PROBLEM TO WORK ON:
Please write the following entries out once more, exactly.

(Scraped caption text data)
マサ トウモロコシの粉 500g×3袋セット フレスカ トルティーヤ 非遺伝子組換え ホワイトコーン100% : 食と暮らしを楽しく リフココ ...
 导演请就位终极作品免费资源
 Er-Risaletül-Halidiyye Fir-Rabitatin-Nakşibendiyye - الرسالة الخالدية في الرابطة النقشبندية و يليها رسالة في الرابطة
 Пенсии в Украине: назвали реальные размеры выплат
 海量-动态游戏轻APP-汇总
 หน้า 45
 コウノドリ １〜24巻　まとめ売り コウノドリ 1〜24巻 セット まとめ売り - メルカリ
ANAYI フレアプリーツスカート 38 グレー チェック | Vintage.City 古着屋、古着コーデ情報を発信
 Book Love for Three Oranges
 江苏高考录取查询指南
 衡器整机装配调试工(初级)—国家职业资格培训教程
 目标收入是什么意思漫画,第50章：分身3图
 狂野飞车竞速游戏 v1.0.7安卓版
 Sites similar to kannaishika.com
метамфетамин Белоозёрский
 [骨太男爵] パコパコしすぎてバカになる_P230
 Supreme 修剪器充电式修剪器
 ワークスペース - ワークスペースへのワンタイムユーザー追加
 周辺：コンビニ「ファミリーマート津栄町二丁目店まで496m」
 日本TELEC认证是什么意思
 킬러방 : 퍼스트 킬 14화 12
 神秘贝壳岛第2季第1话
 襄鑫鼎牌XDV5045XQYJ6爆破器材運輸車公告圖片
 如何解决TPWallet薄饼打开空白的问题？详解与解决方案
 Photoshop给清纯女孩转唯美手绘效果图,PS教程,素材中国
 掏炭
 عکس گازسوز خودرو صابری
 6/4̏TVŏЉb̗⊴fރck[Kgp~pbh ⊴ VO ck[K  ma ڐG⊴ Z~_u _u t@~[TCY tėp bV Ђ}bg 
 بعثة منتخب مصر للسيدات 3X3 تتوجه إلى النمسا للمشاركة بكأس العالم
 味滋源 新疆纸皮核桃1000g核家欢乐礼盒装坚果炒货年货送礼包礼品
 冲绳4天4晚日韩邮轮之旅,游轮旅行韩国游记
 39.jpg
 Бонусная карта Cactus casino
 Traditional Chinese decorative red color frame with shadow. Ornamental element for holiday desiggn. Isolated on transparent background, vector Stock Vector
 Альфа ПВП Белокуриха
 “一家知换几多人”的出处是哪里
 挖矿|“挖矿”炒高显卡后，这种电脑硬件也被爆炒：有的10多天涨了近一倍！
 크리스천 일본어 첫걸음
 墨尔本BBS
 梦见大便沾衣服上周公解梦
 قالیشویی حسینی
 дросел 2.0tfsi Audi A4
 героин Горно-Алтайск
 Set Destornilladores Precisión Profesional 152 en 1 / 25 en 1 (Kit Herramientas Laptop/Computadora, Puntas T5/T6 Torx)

TASK SOLUTION:
マサ トウモロコシの粉 500g×3袋セット フレスカ トルティーヤ 非遺伝子組換え ホワイトコーン100% : 食と暮らしを楽しく リフココ ...
 导演请就位终极作品免费资源
 Er-Risaletül-Halidiyye Fir-Rabitatin-Nakşibendiyye - الرسالة الخالدية في الرابطة النقشبندية و يليها رسالة في الرابطة
 Пенсии в Украине: назвали реальные размеры выплат
 海量-动态游戏轻APP-汇总
 หน้า 45
 コウノドリ １〜24巻　まとめ売り コウノドリ 1〜24巻 セット まとめ売り - メルカリ
ANAYI フレアプリーツスカート 38 グレー チェック | Vintage.City 古着屋、古着コーデ情報を発信
 Book Love for Three Oranges
 江苏高考录取查询指南
 衡器整机装配调试工(初级)—国家职业资格培训教程
 目标收入是什么意思漫画,第50章：分身3图
 狂野飞车竞速游戏 v1.0.7安卓版
 Sites similar to kannaishika.com
метамфетамин Белоозёрский
 [骨太男爵] パコパコしすぎてバカになる_P230
 Supreme 修剪器充电式修剪器
 ワークスペース - ワークスペースへのワンタイムユーザー追加
 周辺：コンビニ「ファミリーマート津栄町二丁目店まで496m」
 日本TELEC认证是什么意思
 킬러방 : 퍼스트 킬 14화 12
 神秘贝壳岛第2季第1话
 襄鑫鼎牌XDV5045XQYJ6爆破器材運輸車公告圖片
 如何解决TPWallet薄饼打开空白的问题？详解与解决方案
 Photoshop给清纯女孩转唯美手绘效果图,PS教程,素材中国
 掏炭
 عکس گازسوز خودرو صابری
 6/4̏TVŏЉb̗⊴fރck[Kgp~pbh ⊴ VO ck[K  ma ڐG⊴ Z~_u _u t@~[TCY tėp bV Ђ}bg 
 بعثة منتخب مصر للسيدات 3X3 تتوجه إلى النمسا للمشاركة بكأس العالم
 味滋源 新疆纸皮核桃1000g核家欢乐礼盒装坚果炒货年货送礼包礼品
 冲绳4天4晚日韩邮轮之旅,游轮旅行韩国游记
 39.jpg
 Бонусная карта Cactus casino
 Traditional Chinese decorative red color frame with shadow. Ornamental element for holiday desiggn. Isolated on transparent background, vector Stock Vector
 Альфа ПВП Белокуриха
 “一家知换几多人”的出处是哪里
 挖矿|“挖矿”炒高显卡后，这种电脑硬件也被爆炒：有的10多天涨了近一倍！
 크리스천 일본어 첫걸음
 墨尔本BBS
 梦见大便沾衣服上周公解梦
 قالیشویی حسینی
 дросел 2.0tfsi Audi A4
 героин Горно-Алтайск
 Set Destornilladores Precisión Profesional 152 en 1 / 25 en 1 (Kit Herramientas Laptop/Computadora, Puntas T5/T6 Torx)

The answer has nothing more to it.